Railways stabilize economic growth, enhance social harmony and will help urbanization, said Li during an inspection of the China Railway Corporation (CRC) on Friday. 0 “But railways paid for solely by the government and managed by administrative order must become a thing of the past,” said the premier, encouraging the CRC to seek innovative sources of new investment, key to railway reform.
China has spent vast sums on railways in recent years. Changing the way they are financed is very high on the government’s to-do list.
The State Council came up with an action plan on railway financing in April, deciding to set up a fund open to private investment. The fund value is expected to reach 300 billion yuan ($48.6 billion). In addition, 150 billion yuan of railway bonds will be issued this year, with overtures being made to banks to encourage them to fund railway projects. Central and western regions will be the top priority.
Premier Li Keqiang (C) addresses a symposium held at the China Railway Corporation (CRC) in Beijing, capital of China, Aug 22, 2014. Li Keqiang made an inspection tour to the CRC and hosted a symposium at the company on Aug 22.[Photo/Xinhua]
Shortly after the State Council meeting, the CRC raised the bar on railway investment for 2014 to 800 billion yuan, hoping to bring over 6,600 kilometers of new track online.
“People in these (central and western) areas are eagerly looking forward to new railways, which will narrow the gap between the west and the east and bring them into the center of our nation’s modernization process,” said Li.
According to HSBC chief China economist Qu Hongbin, China’s rail freight accounts for a quarter of the world’s total and passenger traffic is even busier, but, in terms of actual track, China has only six percent of the world’s lines.
“Relatively weak railway capacity resulted in too much road traffic, which greatly increased logistical and environmental costs,” said Qu.
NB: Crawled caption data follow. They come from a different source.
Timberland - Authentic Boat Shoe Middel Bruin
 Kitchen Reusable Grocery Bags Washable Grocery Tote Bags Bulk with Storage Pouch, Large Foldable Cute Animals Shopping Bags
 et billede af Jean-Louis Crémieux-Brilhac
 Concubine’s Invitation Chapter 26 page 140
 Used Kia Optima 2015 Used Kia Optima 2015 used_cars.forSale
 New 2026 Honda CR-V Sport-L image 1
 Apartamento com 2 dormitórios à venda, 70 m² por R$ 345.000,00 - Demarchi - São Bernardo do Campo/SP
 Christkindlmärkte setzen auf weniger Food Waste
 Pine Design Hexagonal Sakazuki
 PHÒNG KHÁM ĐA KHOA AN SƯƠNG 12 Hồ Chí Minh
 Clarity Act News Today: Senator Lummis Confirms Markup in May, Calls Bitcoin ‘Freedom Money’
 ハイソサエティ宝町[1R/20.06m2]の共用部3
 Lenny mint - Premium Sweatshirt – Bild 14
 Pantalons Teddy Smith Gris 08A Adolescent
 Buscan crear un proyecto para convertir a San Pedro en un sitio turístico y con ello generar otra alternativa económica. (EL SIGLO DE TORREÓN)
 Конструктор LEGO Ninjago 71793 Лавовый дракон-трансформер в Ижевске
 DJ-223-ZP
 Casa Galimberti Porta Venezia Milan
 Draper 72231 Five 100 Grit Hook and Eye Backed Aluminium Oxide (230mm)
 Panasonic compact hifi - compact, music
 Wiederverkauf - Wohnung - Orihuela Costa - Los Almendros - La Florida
A disastrous bullet train crash in July 2011 brought an atmosphere of unprecedented caution to rail construction in China. Since then, it has become clear that the speedy development of the sector will fuel economic expansion, while benefiting the people by making it quicker and easier to get about.
Railways are fundamental to China’s development and their purpose cannot be achieved in any other feasible way, said Li.
“We should turn the great potential of railways into real productivity and make the sector a new engine of change,” said the premier.